DATA RECORDS ▸
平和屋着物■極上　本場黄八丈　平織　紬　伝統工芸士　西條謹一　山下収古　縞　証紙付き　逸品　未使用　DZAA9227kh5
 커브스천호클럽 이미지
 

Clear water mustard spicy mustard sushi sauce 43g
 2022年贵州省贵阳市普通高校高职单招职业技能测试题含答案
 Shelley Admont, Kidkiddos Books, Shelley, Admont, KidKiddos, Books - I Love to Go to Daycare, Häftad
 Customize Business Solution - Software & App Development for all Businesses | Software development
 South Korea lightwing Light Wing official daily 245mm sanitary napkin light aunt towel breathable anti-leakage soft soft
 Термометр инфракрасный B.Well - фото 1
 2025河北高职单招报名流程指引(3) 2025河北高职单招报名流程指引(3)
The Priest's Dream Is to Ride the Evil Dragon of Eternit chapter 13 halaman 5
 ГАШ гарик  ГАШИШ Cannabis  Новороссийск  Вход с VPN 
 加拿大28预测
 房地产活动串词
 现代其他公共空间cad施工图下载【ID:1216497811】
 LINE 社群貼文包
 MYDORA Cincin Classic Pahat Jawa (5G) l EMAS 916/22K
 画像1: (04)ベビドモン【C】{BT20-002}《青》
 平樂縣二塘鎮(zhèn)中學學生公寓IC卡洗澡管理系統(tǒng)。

ABOUT THIS TASK ▸ Each line in the material above must be retyped without alteration.

RESPONSE BELOW ▸
平和屋着物■極上　本場黄八丈　平織　紬　伝統工芸士　西條謹一　山下収古　縞　証紙付き　逸品　未使用　DZAA9227kh5
 커브스천호클럽 이미지
 

Clear water mustard spicy mustard sushi sauce 43g
 2022年贵州省贵阳市普通高校高职单招职业技能测试题含答案
 Shelley Admont, Kidkiddos Books, Shelley, Admont, KidKiddos, Books - I Love to Go to Daycare, Häftad
 Customize Business Solution - Software & App Development for all Businesses | Software development
 South Korea lightwing Light Wing official daily 245mm sanitary napkin light aunt towel breathable anti-leakage soft soft
 Термометр инфракрасный B.Well - фото 1
 2025河北高职单招报名流程指引(3) 2025河北高职单招报名流程指引(3)
The Priest's Dream Is to Ride the Evil Dragon of Eternit chapter 13 halaman 5
 ГАШ гарик  ГАШИШ Cannabis  Новороссийск  Вход с VPN 
 加拿大28预测
 房地产活动串词
 现代其他公共空间cad施工图下载【ID:1216497811】
 LINE 社群貼文包
 MYDORA Cincin Classic Pahat Jawa (5G) l EMAS 916/22K
 画像1: (04)ベビドモン【C】{BT20-002}《青》
 平樂縣二塘鎮(zhèn)中學學生公寓IC卡洗澡管理系統(tǒng)。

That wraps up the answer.